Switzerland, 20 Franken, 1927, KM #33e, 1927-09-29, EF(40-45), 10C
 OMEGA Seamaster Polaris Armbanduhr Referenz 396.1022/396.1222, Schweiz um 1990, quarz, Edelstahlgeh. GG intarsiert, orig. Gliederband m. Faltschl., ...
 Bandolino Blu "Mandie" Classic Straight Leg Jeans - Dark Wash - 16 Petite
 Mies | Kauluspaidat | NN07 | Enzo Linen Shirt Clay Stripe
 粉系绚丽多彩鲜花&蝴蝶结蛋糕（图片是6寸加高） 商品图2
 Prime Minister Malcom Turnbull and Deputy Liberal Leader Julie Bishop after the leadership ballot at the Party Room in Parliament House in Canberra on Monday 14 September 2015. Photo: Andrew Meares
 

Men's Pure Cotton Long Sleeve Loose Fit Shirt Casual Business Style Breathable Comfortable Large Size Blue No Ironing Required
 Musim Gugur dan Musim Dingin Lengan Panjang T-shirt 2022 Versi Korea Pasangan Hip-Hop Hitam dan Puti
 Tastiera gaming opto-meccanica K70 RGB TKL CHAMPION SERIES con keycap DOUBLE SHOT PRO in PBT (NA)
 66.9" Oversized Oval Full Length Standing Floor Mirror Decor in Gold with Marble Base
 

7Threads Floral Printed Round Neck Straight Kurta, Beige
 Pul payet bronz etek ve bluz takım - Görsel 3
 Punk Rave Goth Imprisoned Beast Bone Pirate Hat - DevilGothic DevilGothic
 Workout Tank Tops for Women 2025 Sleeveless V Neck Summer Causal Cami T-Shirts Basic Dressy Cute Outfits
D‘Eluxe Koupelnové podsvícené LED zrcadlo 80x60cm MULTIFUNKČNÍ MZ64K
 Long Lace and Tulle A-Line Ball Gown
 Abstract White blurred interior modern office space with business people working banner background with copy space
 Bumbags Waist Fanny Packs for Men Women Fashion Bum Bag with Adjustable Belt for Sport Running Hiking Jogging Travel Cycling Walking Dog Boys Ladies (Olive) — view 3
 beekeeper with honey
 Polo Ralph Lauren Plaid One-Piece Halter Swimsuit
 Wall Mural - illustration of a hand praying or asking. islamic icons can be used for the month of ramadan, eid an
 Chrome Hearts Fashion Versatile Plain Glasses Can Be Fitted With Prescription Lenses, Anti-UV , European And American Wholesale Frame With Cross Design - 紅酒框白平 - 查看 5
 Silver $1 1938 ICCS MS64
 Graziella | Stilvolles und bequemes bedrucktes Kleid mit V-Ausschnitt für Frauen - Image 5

########################################

## WORK INSTRUCTIONS
Within the data, how many lines hold the word "Neck"? State the number alone.

## TASK RESULT
2